My brother and I were hired to cover the mums at a local greenhouse every evening. Two years older and much bigger, my brother had little patience, and turned an easy two-man job into
two difficult one-man jobs. Rather than rolling the heavy, dirty tarps as a team, each of us on one side, he would do his own and I tried to do the rest. I was neither tall enough nor strong enough to run the tarp down the center, so most of my time was spent running clear around the long rows of flowers to adjust one side then the other.
Hard Lesson 1 - teamwork is better. I understood that principle from baseball, but this was a new application. Two people together can outwork two people working alone. If my brother was in a hurry, we would tug the tarps together and they practically rolled themselves out.
Hard Lesson 2 - being the boss is better than being cheap labor. When I didn’t do exactly as he said, or if I took too long, he would hit me. I often walked home with tear tracks and blood staining my face. “I’m telling mom,” really isn’t much of a defense against a determined older brother.
Hard Lesson 3 – there is no job security. Not even if you work hard. Six weeks into the job, a tornado destroyed the greenhouses. All our work was for naught.

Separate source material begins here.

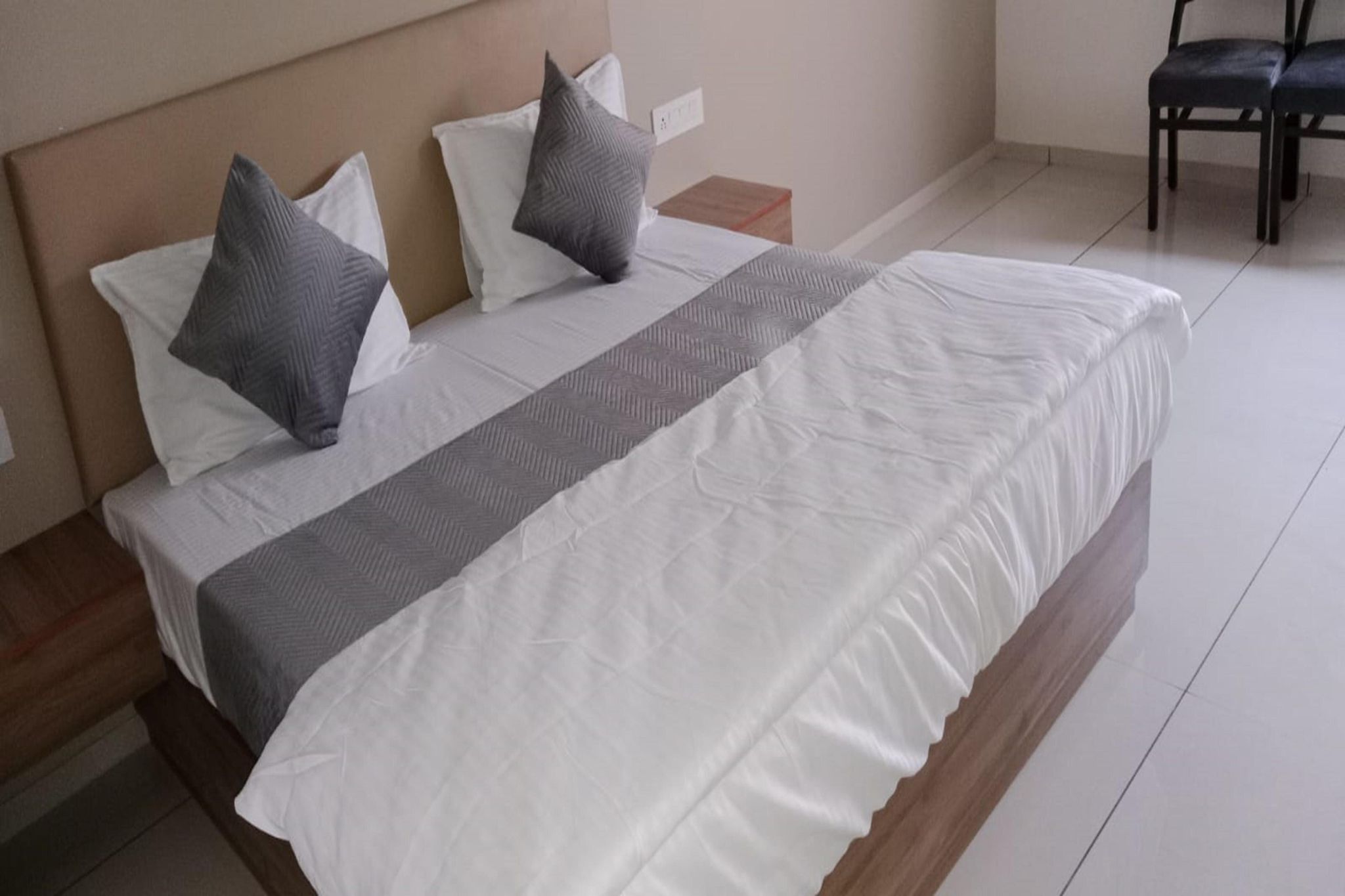 Hotel SAP Deluxe Room 3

Hard Lesson 4 – if you don’t get paid, get another job. Every day for six weeks the guy kept saying he would pay next week. The only thing that made that time bearable was the prospect of seven dollars at the end of the week. That’s $42 I’ll never see again. The same thing happened years later working for a startup software company, an $8,000 mistake. Which isn’t nearly as bad as the time I worked for another startup that only paid us for five of the twelve months we worked. If I haven’t finally learned that lesson, I deserve whatever I don’t get.